I read an article the other day written by a personal trainer. I don’t have my own personal trainer ( I kinda feel like I’m talking about a pet) and I don’t believe I’ll ever have the need for one. Why did I read the article then? Because I’m obsessed with my weight and how I look, like countless others on the continent. I’ve read the diet books, the workout books, the anti-diet and anti-workout books. I’ve swallowed the latest infomercial’s hype and bought videos that make me feel foolish, look stupid, and want to stop. I purchased one plastic contraption where the only exercise I got out of it was kicking it to the curb on garbage day. I’ve done the dusty stationary bike, those monotonous aerobics, the funny breathing exercises,the tedious weight lifting routines and the lie down and trim down Pilates. (I’ll admit I enjoyed the lying down part.) I wanted to see if he had anything new to say, any wisdom to impart that would inspire and motivate me to take better care of my body. What was I thinking? He’s a personal trainer. It’s in his best interest to tell us that there is no mind game, no pill that eats up fat cells like Pac-Man, no food that will release the stores of chub we’ve been self-consciously hugging. The success of his business depends on the premise that extreme physical exercise supervised by a glowing Adonis who eats hamburgers wrapped in lettuce (a travesty) is our only hope of becoming the Jennifer Aniston we were meant to be.
Mr. Good and Sweaty wrote something like, “If you think you’re going to lose your muffin top by running around the block, think again.” He made an assumption that we all want to lose our muffin tops; as if it’s a crime to have one and if you don’t shed the cheddar, you’ll be shipped off to a muffin top colony where you’ll live out your sorry life segregated in shame. He assumes that we lie around berating ourselves and cursing our muffin tops (not too vigorously, as this would require too much movement) while waiting for a personal savior, I mean, trainer to rescue us from our prison of pudge. According to him, if you want to tumble the jelly from your belly, you have to trick the body, challenge the body, and hurt the body. You have to regularly work your body to the point of exhaustion. I have a friend who has a personal trainer and she has a fantastic figure. Some days she would come to work and she could hardly walk.

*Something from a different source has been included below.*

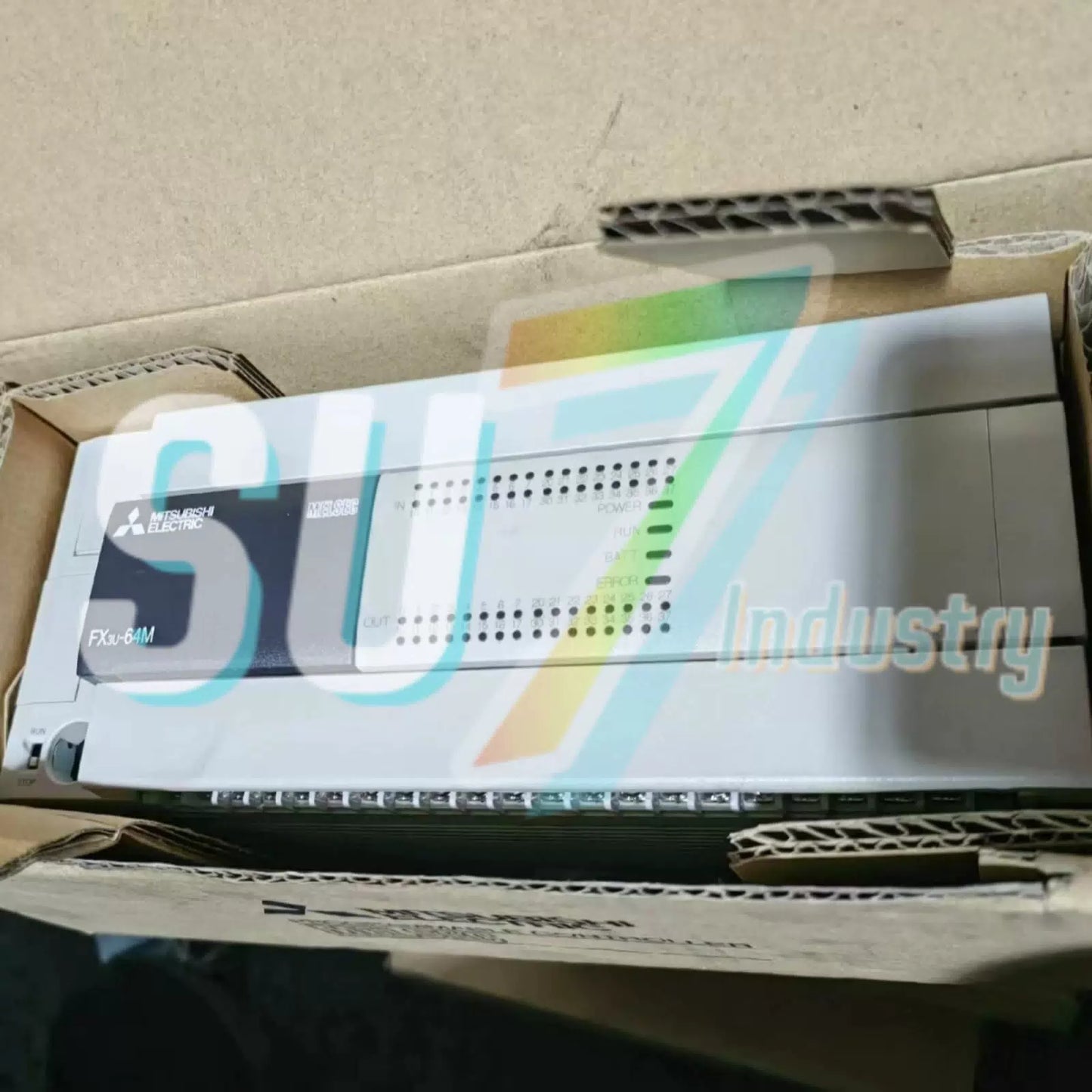 Mitsubishi FX3U-64MR/ES-A PLC Module FX3U-64MR-ES-A# 1pcs [2]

She groaned through the various physical maneuvers she had to perform to do her job, like bending over to file something or getting up to use the photocopier. She willingly paid someone to put her in this condition. My innate dislike of pain tells me that if something I’m doing hurts me, I should stop doing it. My common sense tells me to refrain from giving anyone $75.00 an hour to hurt me, no matter how hot or physically imposing they are. My slogan is “No pain, I gain and I’m okay with that”. Those of you who are close friends of mine, please take a cartoon-sized sledgehammer and flatten me into a pile of oozing pink blubber, if I ever speak of hiring a personal trainer. At the very least, have me committed to a loony bin/fat farm.

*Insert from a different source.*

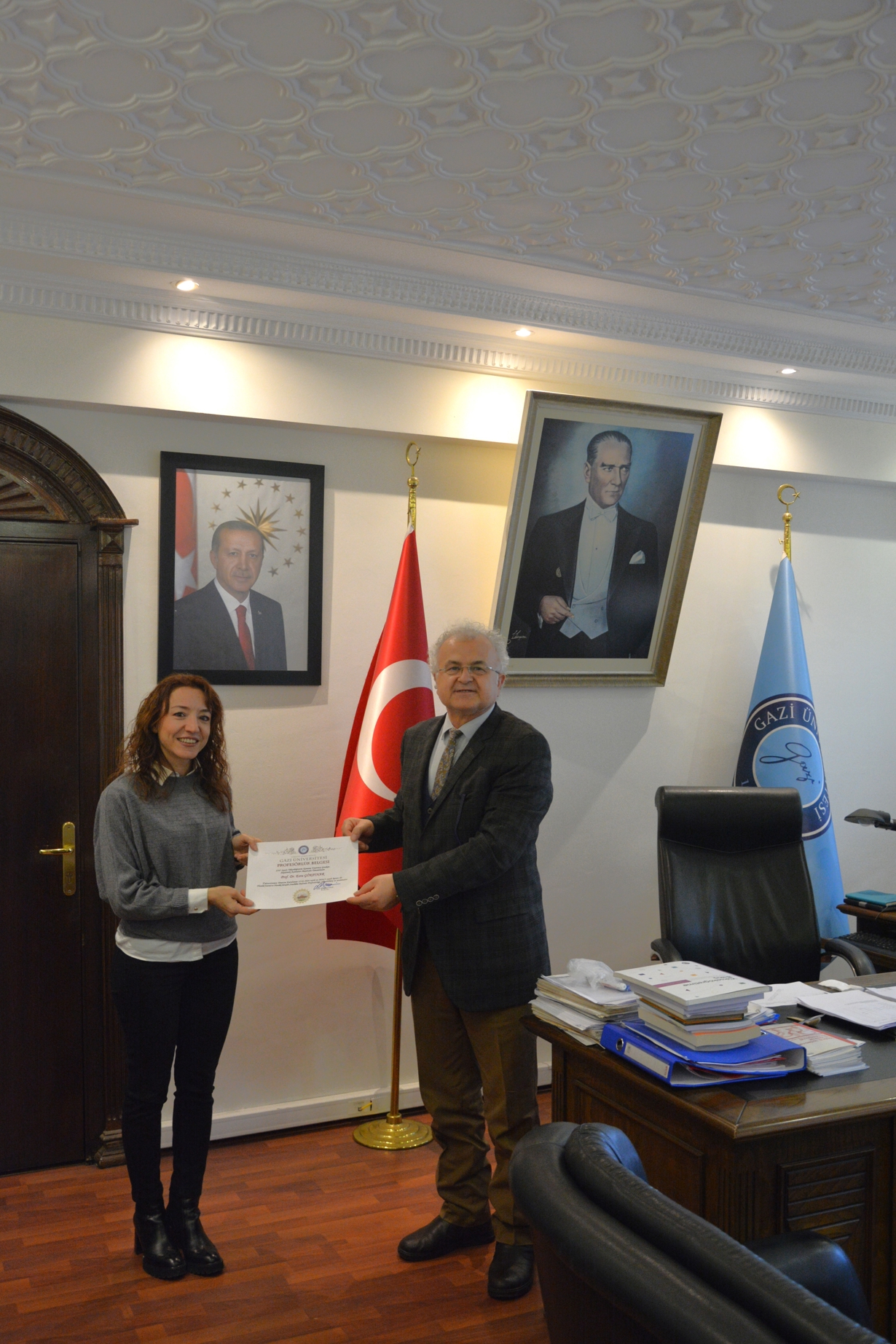 Profesörlük Belgesi-1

I run around the block. That’s the only exercise I do besides walking. I try to do it in the morning to get it over with. True to the cliché, it feels really good when it’s over. I don’t allow myself to stop until I reach that certain point on the sidewalk. I know that if I stop a step sooner every time, in a month I’ll be sitting in front of the flat screen downing a jumbo bag of cheezies. My muffin top isn’t going anywhere. If there are fitness fanatics out there who don’t like it, they can stop looking in the bakery window. There are other worthwhile reasons to exercise. I run to strengthen my body. I run to keep my weight down. I run so I can keep up with my kids. I run and I will keep running so that in my old age, I won’t be stuck in a motorized wheelchair, farting, and playing scrabble. I run so that I can enjoy chocolate and poutine and greasy pizza and pasta with cream sauce and sugary pecan pie and big slabs of cheesecake. I’m not about to torture my body or give up eating all kinds of real tasty food for flat abs and slim hips. That would be far too painful.

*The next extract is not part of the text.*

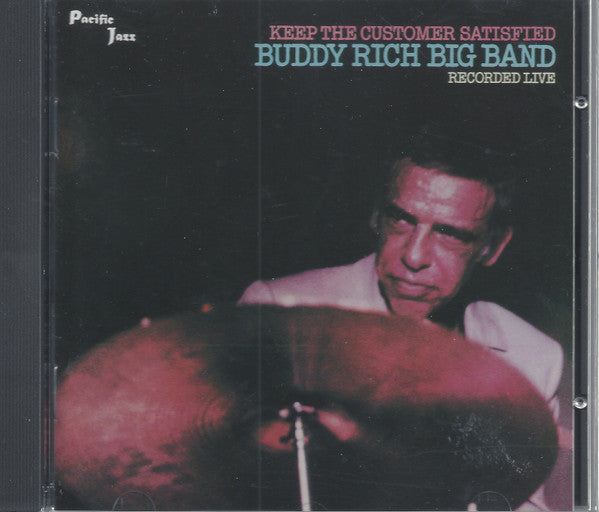 Buddy Rich Big Band : Keep The Customer Satisfied (CD, Album, Club, RE)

Author’s note: I wrote this 10 years ago. I recently began running around the block again and lifting weights. After working in the health care field for the last 5 years and caring for obese patients who could hardly do anything for themselves, it impressed upon me the need to be as fit and healthy as possible going into old age. Of course, I’d always rather sit on the the couch, but I now know where that leads and it’s not pretty!